Start of Block

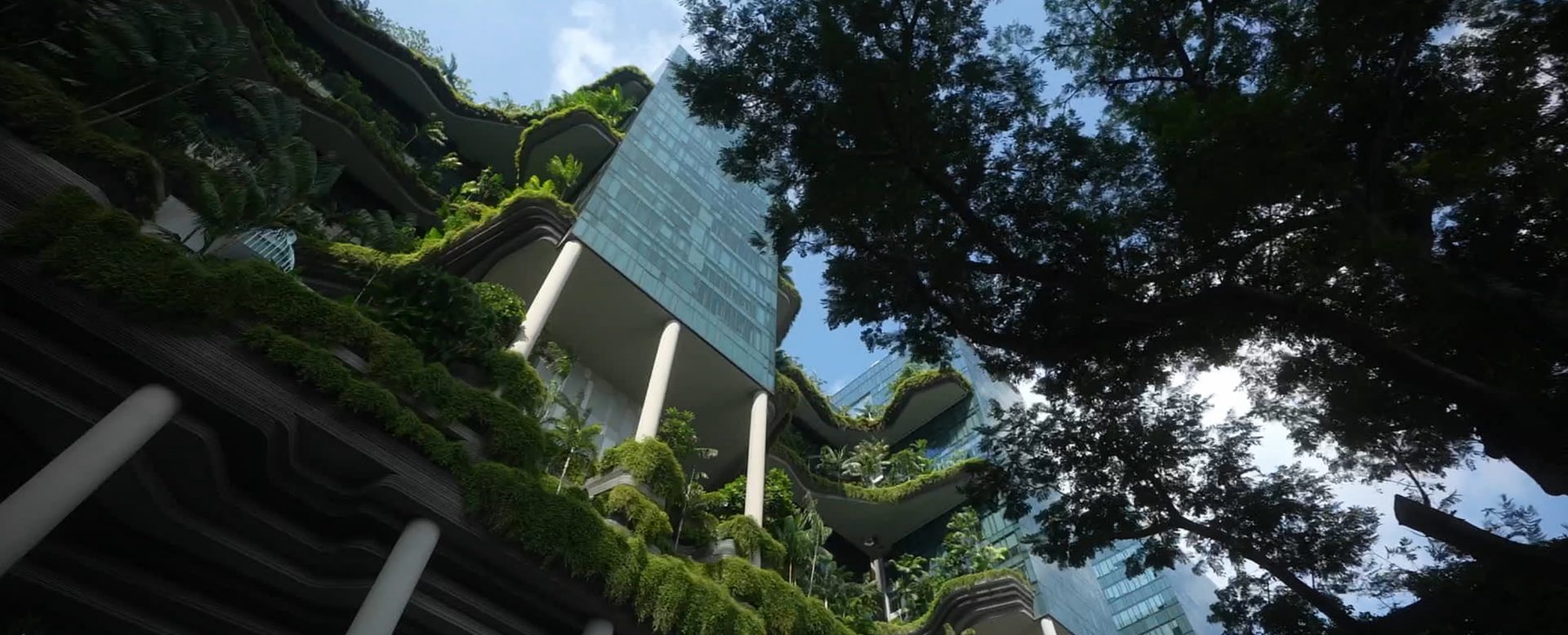 Bild eines von außen begrünten Hochhauses in Singapur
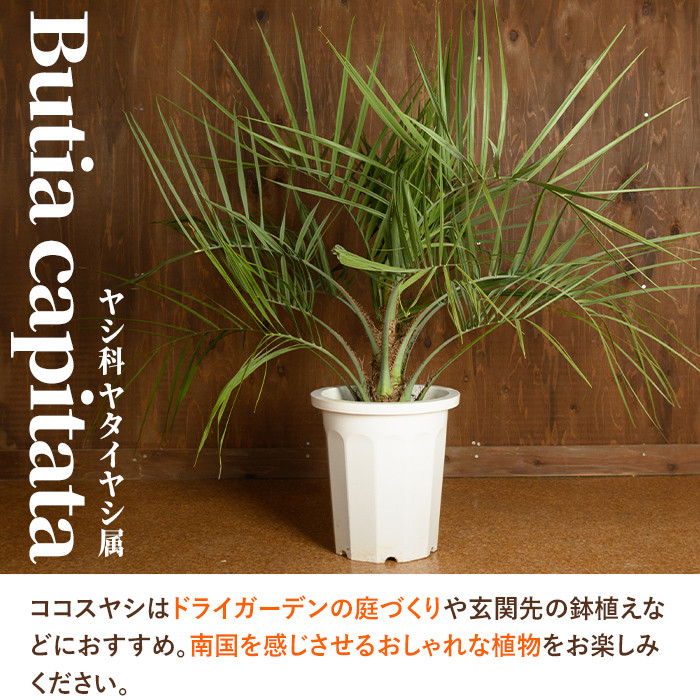 i906 ＜毎月数量限定＞ココスヤシ(鉢底より高さ約100cm) 植物 観葉植物 ココスヤシ 国内産 インテリア グリーン 自然 緑 ギフト 贈り物  数量限定【kurk PLANT LEATHER】 - 鹿児島県出水市｜ふるさとチョイス - ふるさと納税サイト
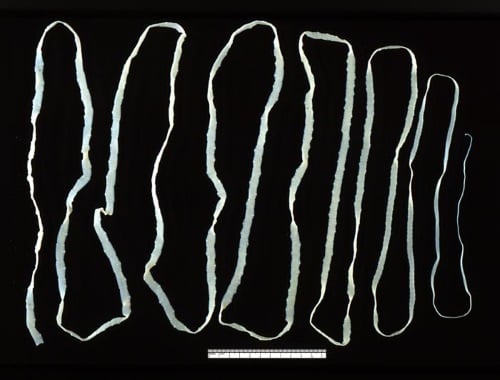 Tapeworm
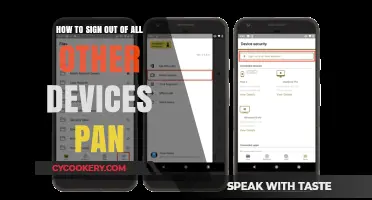 Sign Out of All Other Devices Pan Instantly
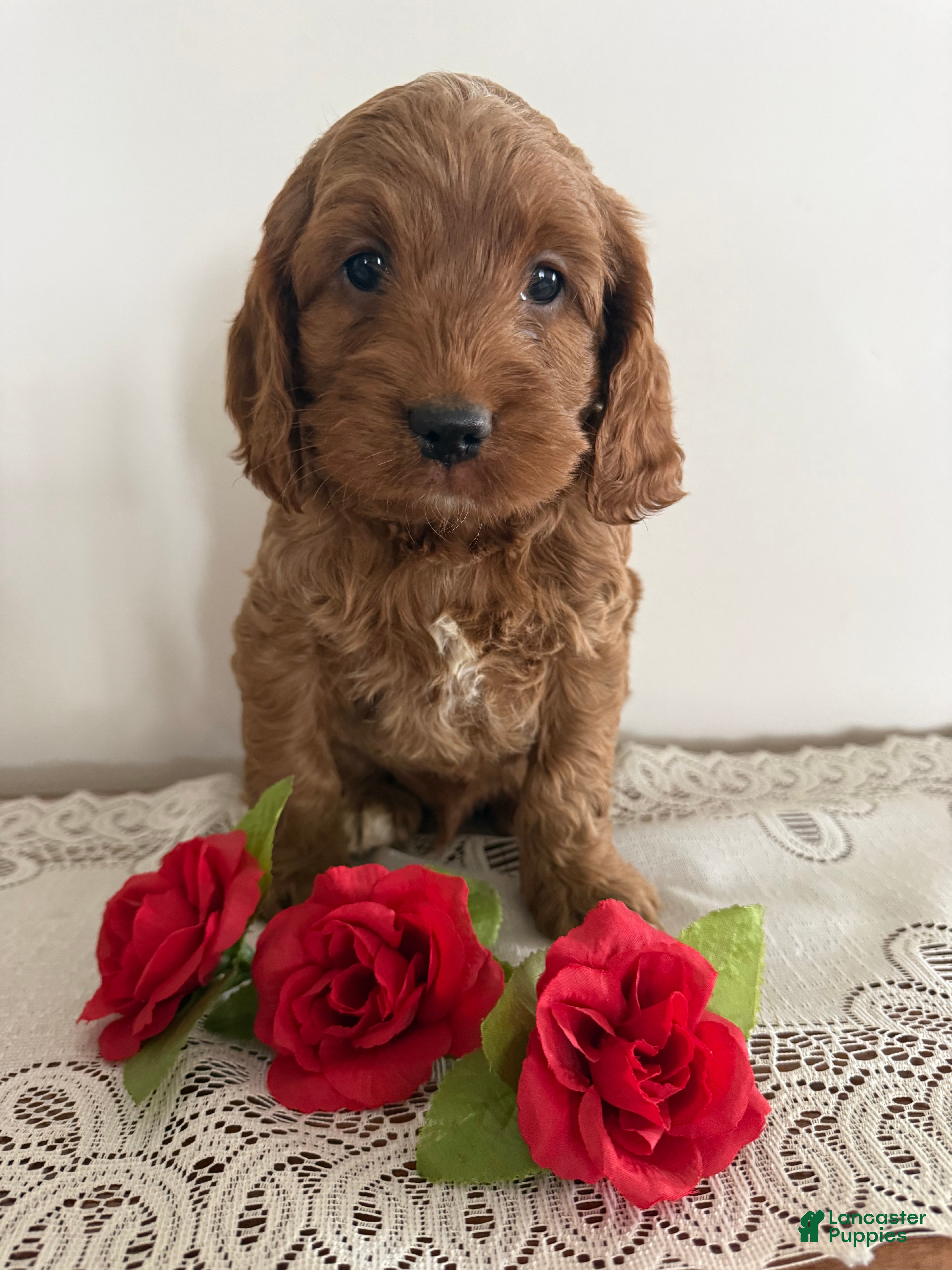 Cockapoo dogs Cockapoo Puppy 1 - Ad 23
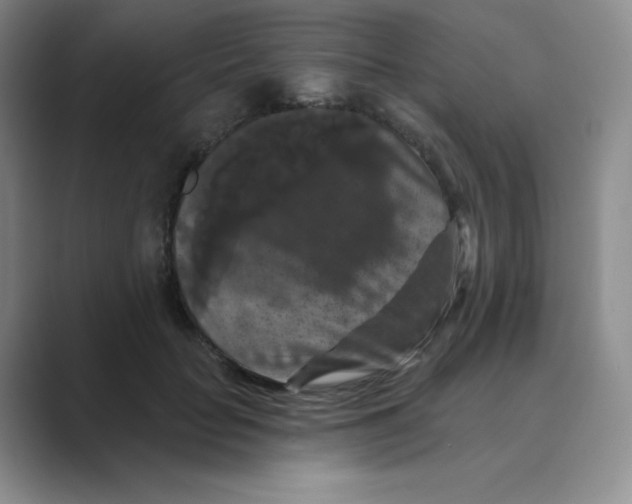 X0000088690653200706282003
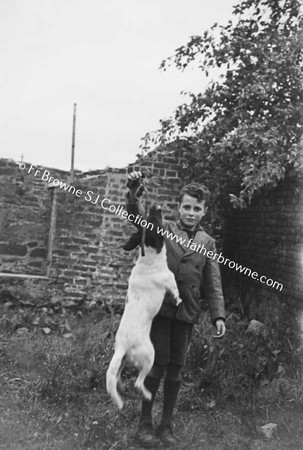 BOY PLAYING WITH DOG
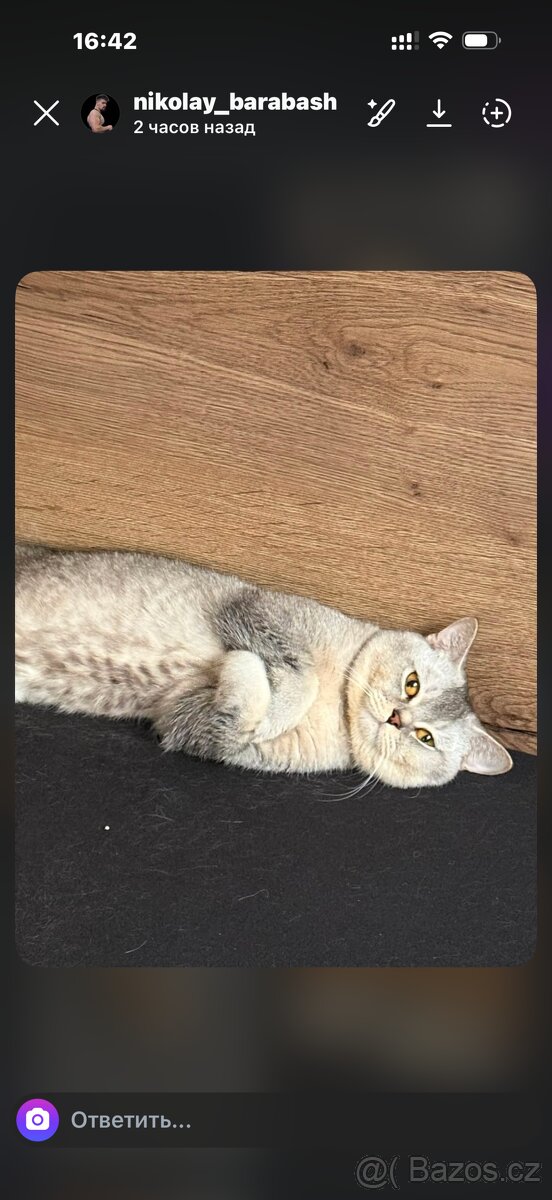 🐾 Prodám britská koťátka 🐾 - 7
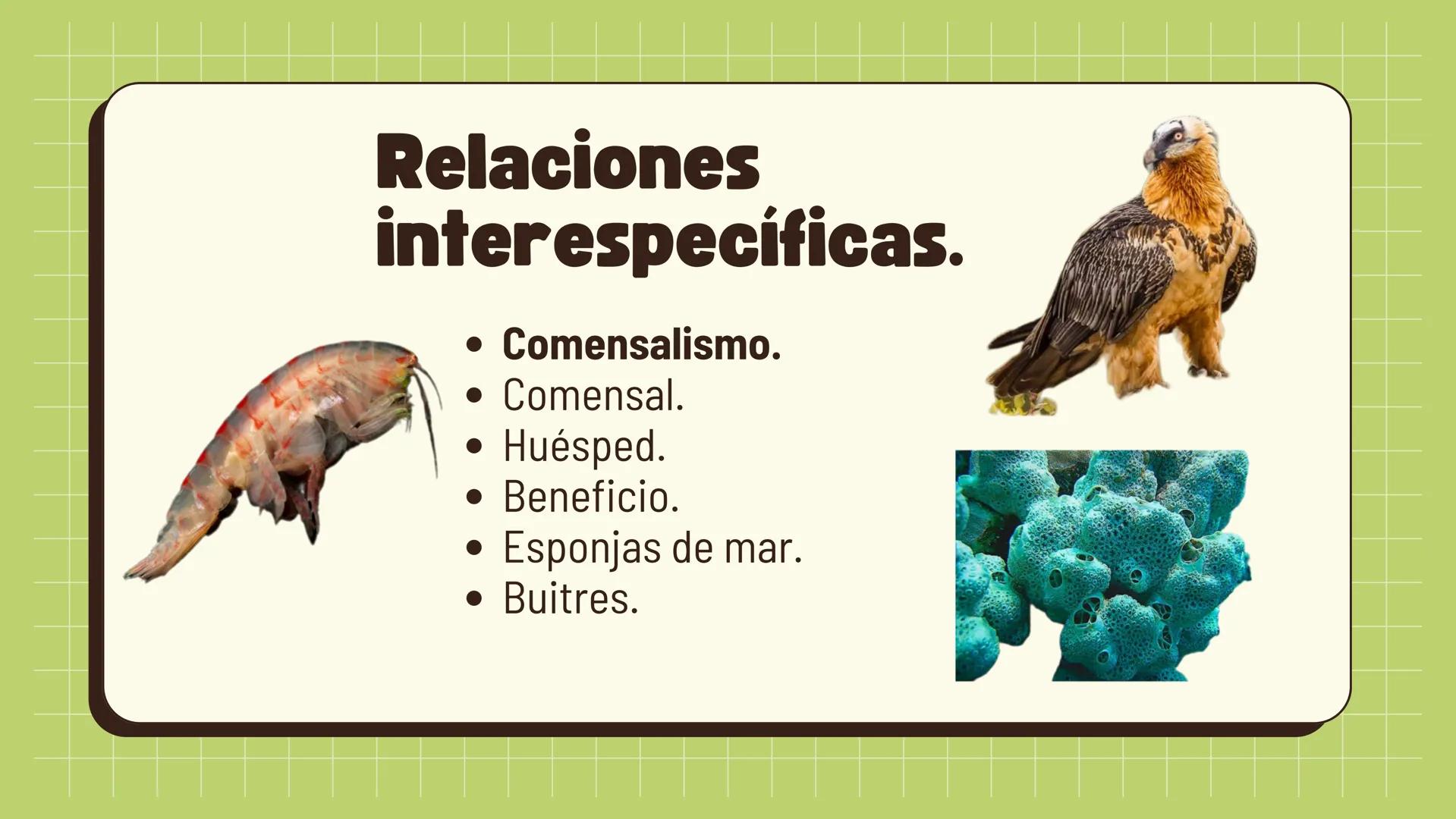 Relaciones
interespecíficas e
intraespecíficas.
Ecosistemas: interacciones, energía y dinámica. Relaciones
ambientales.
Establecidos entre
o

End of Block

→ **Exercise instructions**
Beginning with the line that holds "Cockapoo dogs Cockapoo Puppy 1 - Ad 23", output each line to the end of the material above, exactly, omitting the pictures.

→ **Result**
 Cockapoo dogs Cockapoo Puppy 1 - Ad 23
 X0000088690653200706282003
 BOY PLAYING WITH DOG
 🐾 Prodám britská koťátka 🐾 - 7
 Relaciones
interespecíficas e
intraespecíficas.
Ecosistemas: interacciones, energía y dinámica. Relaciones
ambientales.
Establecidos entre
o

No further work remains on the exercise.